_About this exercise_
The reply must contain exactly the lines below from the one with "Teller mit 5" down to the one with "Beautiful young blonde", both included, and nothing more; please omit the pictures.

_Records supplied_

►

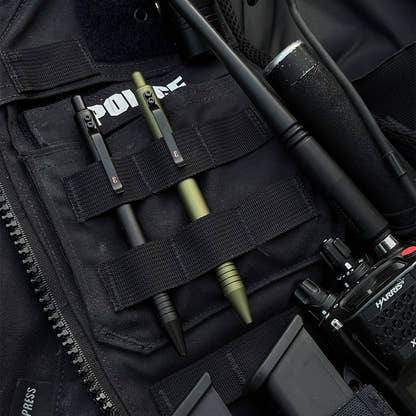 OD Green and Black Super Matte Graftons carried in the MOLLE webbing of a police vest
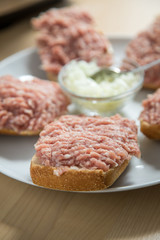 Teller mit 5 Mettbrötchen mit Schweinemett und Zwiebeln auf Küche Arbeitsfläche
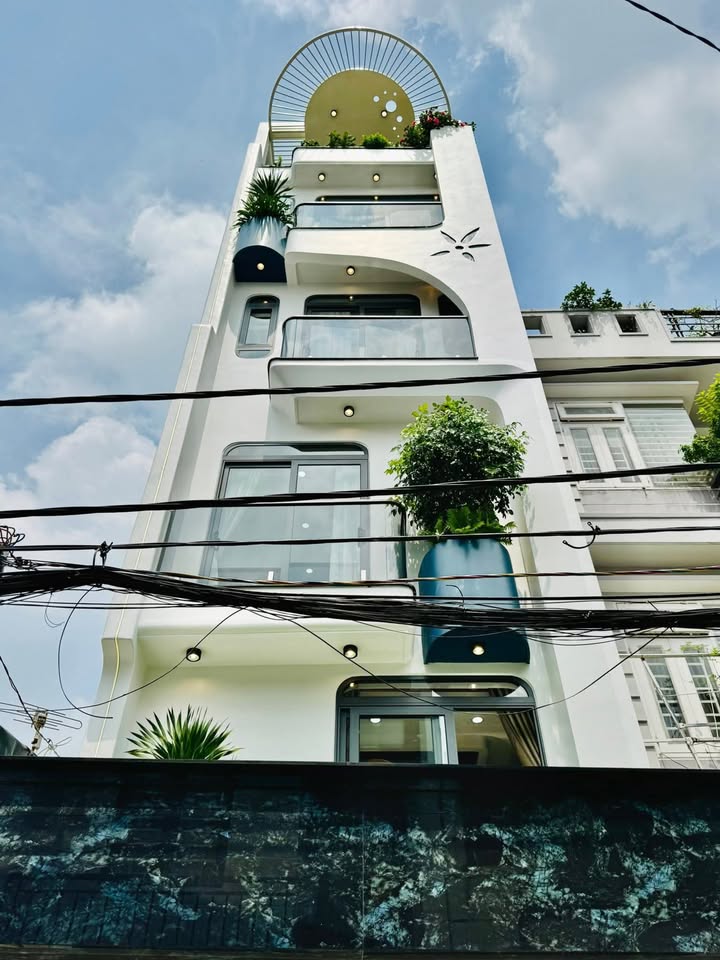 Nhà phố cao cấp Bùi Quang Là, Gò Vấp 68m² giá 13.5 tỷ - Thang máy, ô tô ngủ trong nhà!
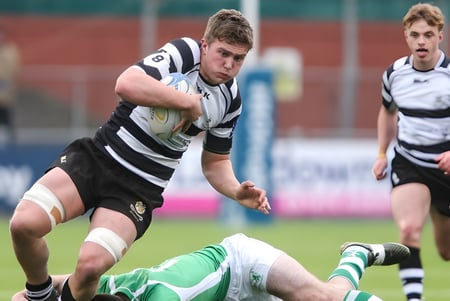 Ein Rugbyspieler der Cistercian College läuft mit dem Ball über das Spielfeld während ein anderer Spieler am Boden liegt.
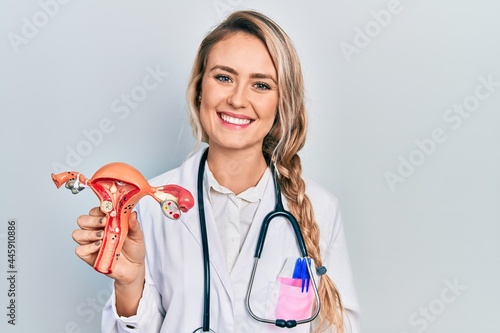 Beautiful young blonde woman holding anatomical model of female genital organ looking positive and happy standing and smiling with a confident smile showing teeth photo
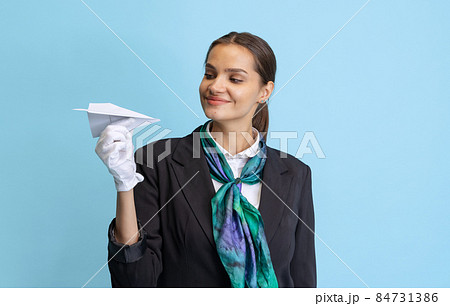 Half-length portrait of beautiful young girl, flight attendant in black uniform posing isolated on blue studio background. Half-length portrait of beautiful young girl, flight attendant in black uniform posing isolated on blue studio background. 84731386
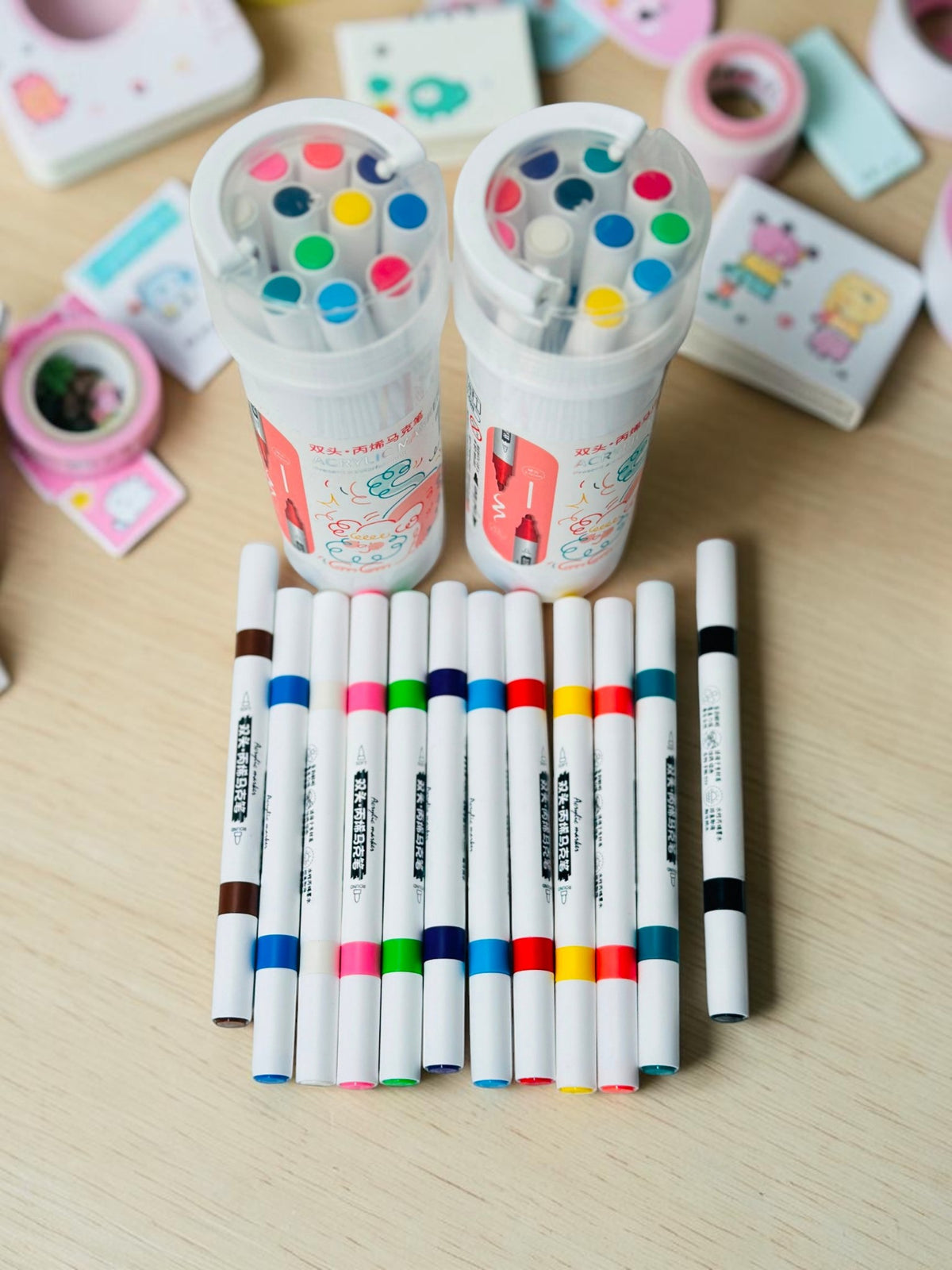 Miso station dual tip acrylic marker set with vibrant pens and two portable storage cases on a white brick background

◄
►

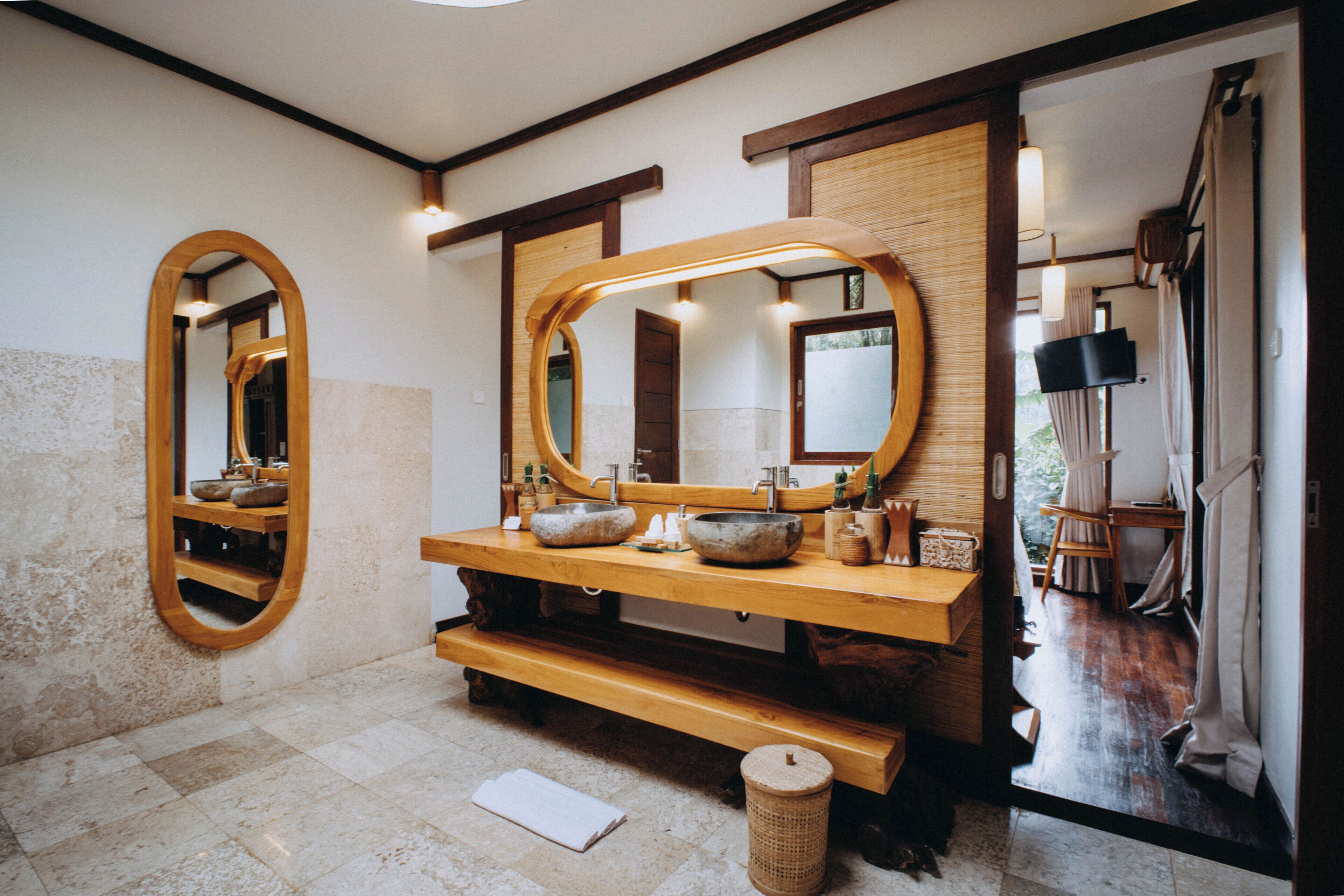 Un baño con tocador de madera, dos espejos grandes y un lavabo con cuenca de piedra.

◄

_Result of this task_
 Teller mit 5 Mettbrötchen mit Schweinemett und Zwiebeln auf Küche Arbeitsfläche
 Nhà phố cao cấp Bùi Quang Là, Gò Vấp 68m² giá 13.5 tỷ - Thang máy, ô tô ngủ trong nhà!
 Ein Rugbyspieler der Cistercian College läuft mit dem Ball über das Spielfeld während ein anderer Spieler am Boden liegt.
 Beautiful young blonde woman holding anatomical model of female genital organ looking positive and happy standing and smiling with a confident smile showing teeth photo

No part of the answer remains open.